RECORDS SHOWN
======

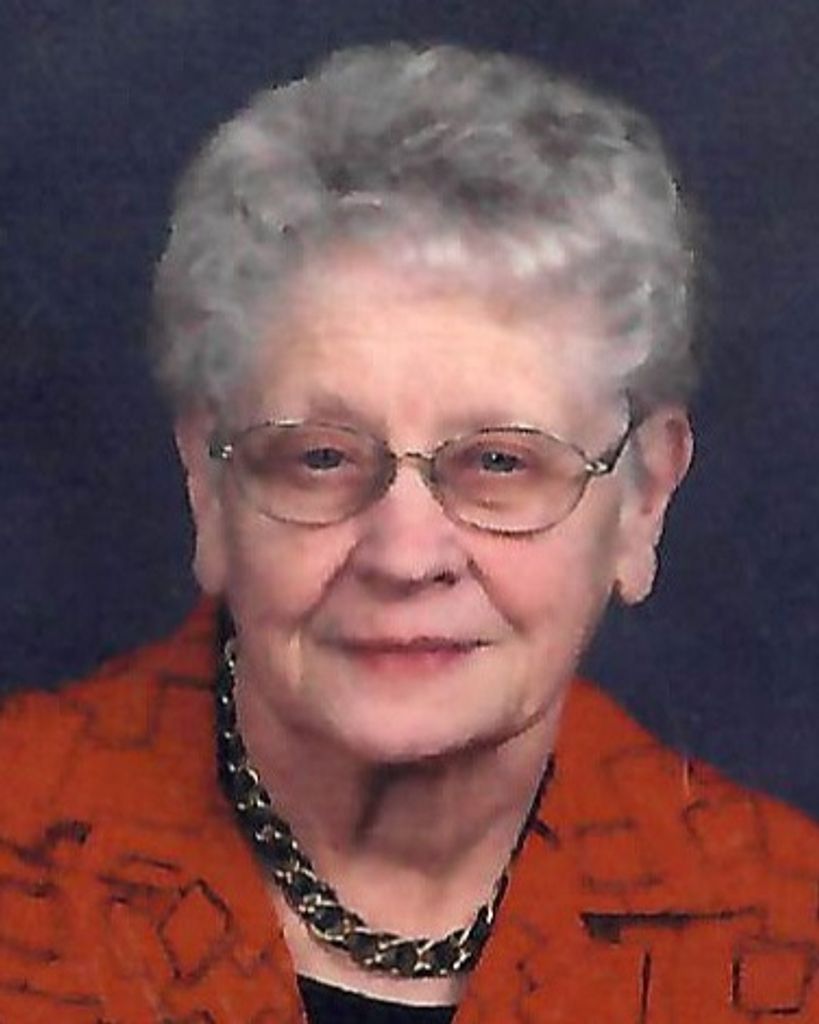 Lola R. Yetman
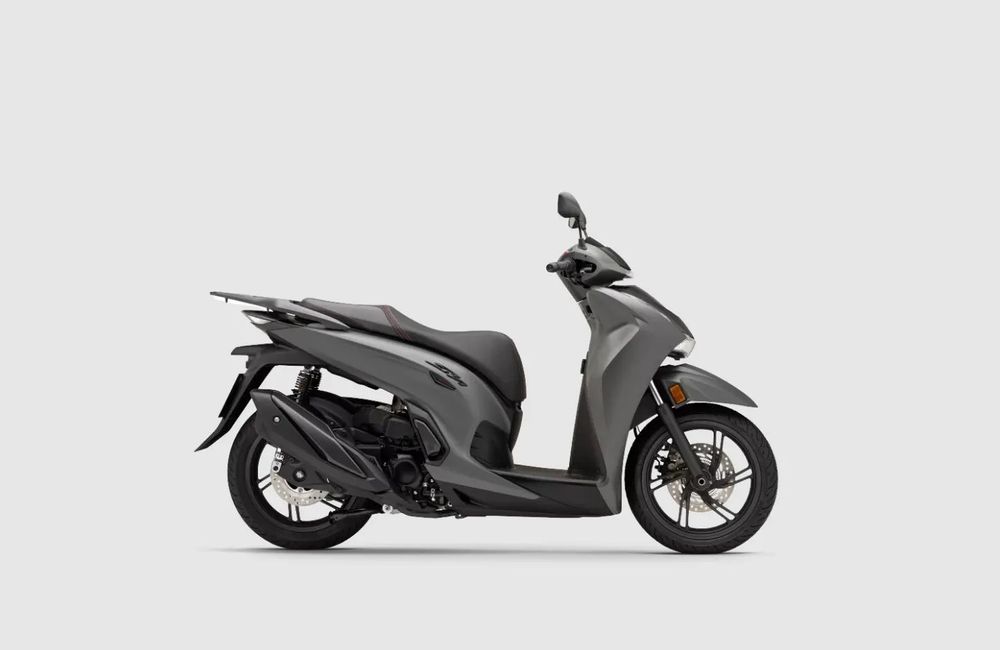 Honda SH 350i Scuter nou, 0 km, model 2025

======

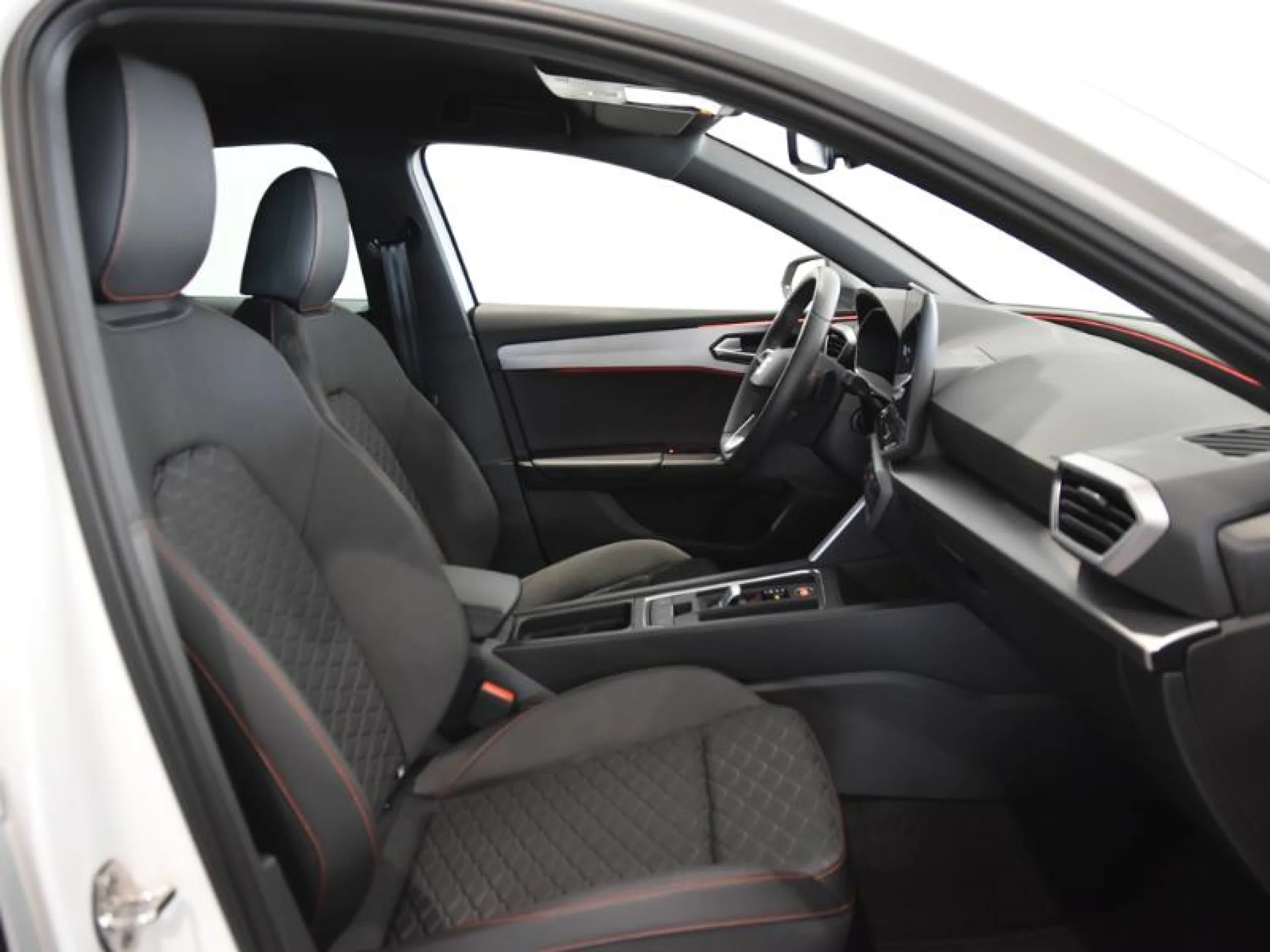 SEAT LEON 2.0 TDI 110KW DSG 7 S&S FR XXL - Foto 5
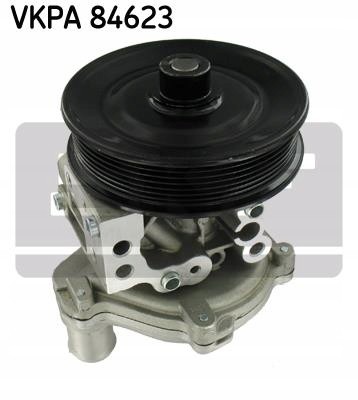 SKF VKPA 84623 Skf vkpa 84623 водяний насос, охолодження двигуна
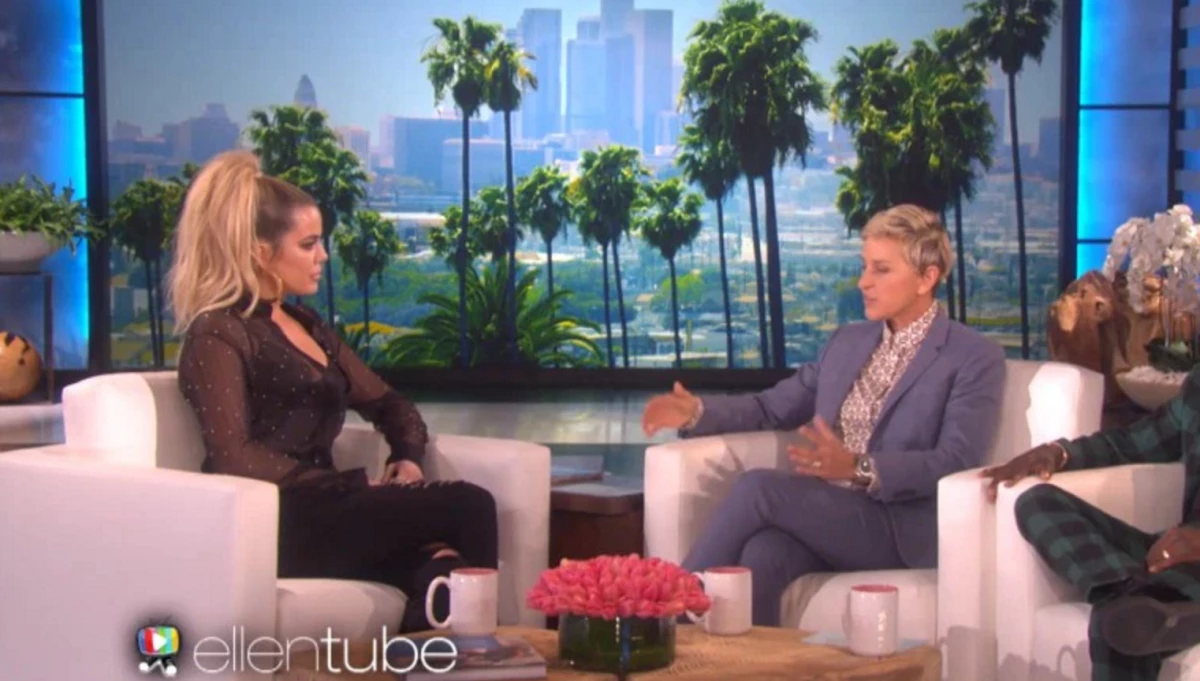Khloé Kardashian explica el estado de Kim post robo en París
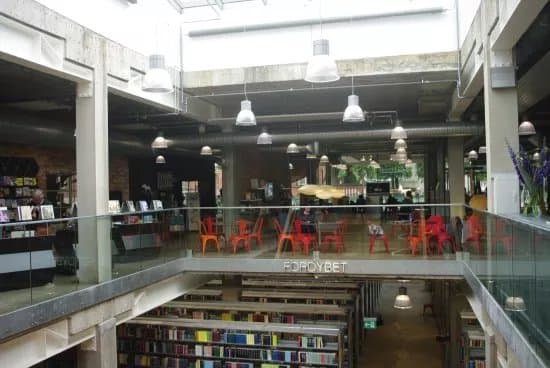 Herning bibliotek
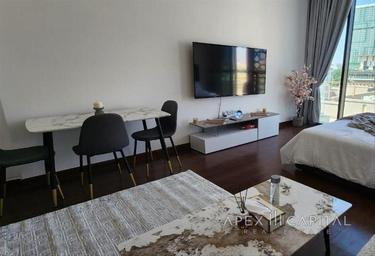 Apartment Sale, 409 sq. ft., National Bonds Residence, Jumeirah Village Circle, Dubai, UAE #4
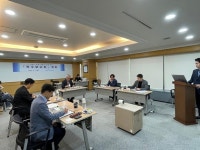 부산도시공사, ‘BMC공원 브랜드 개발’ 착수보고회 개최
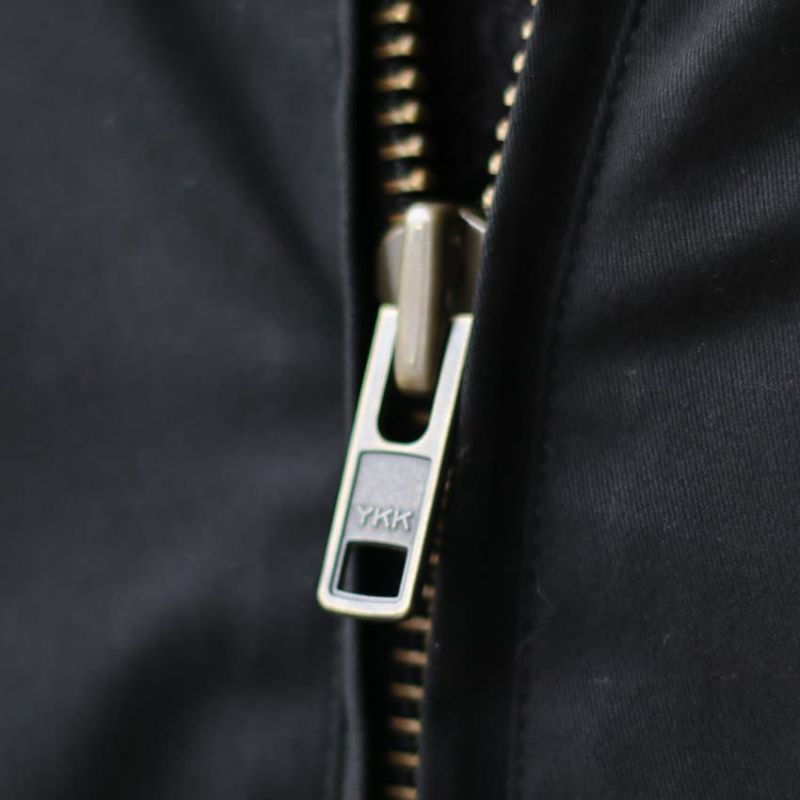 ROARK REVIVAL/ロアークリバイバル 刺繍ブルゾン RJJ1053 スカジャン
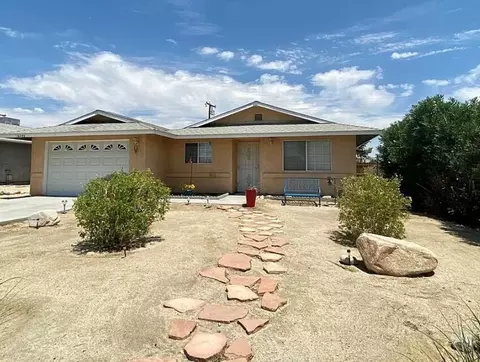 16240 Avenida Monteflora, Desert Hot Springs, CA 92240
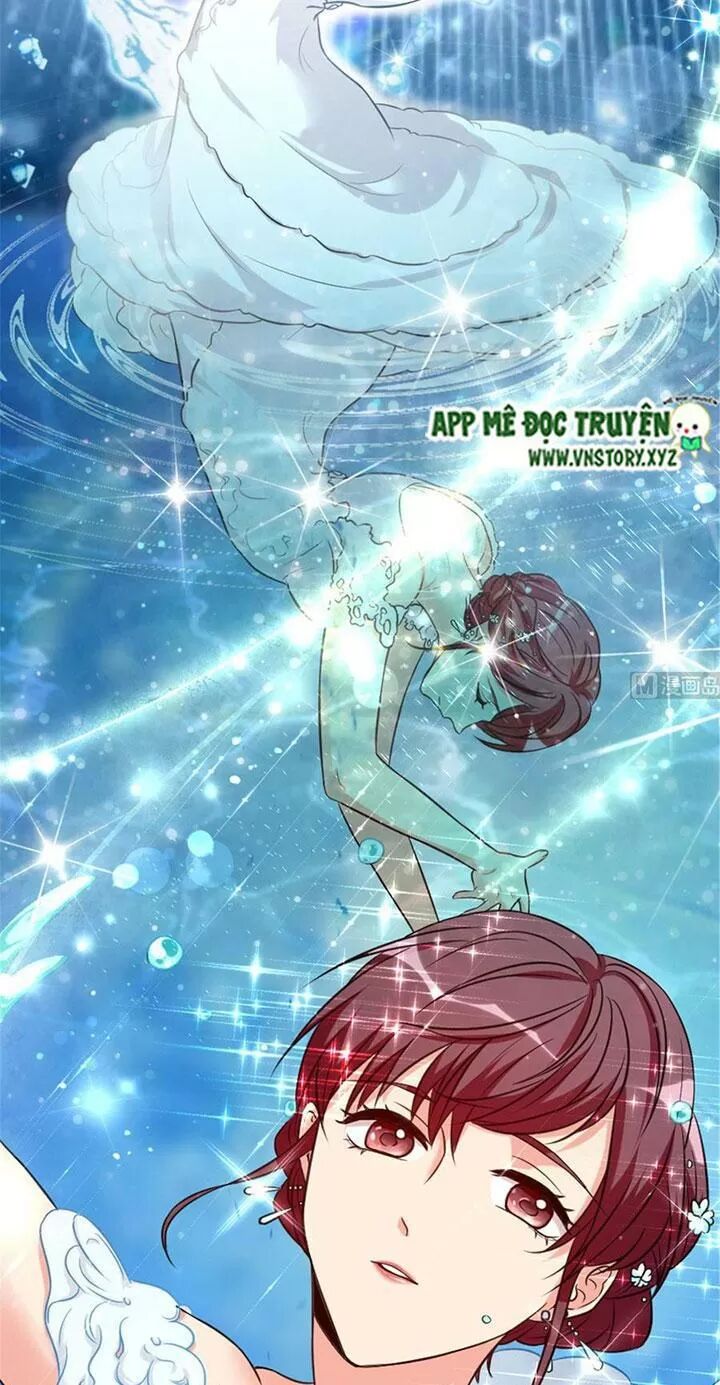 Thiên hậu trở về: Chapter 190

======

Out of the records above, set down only the lines from the one that contains "16240 Avenida Monteflora, Desert" through the one that contains "Thiên hậu trở về: Chapter 190", unchanged and without the pictures.

 16240 Avenida Monteflora, Desert Hot Springs, CA 92240
 Thiên hậu trở về: Chapter 190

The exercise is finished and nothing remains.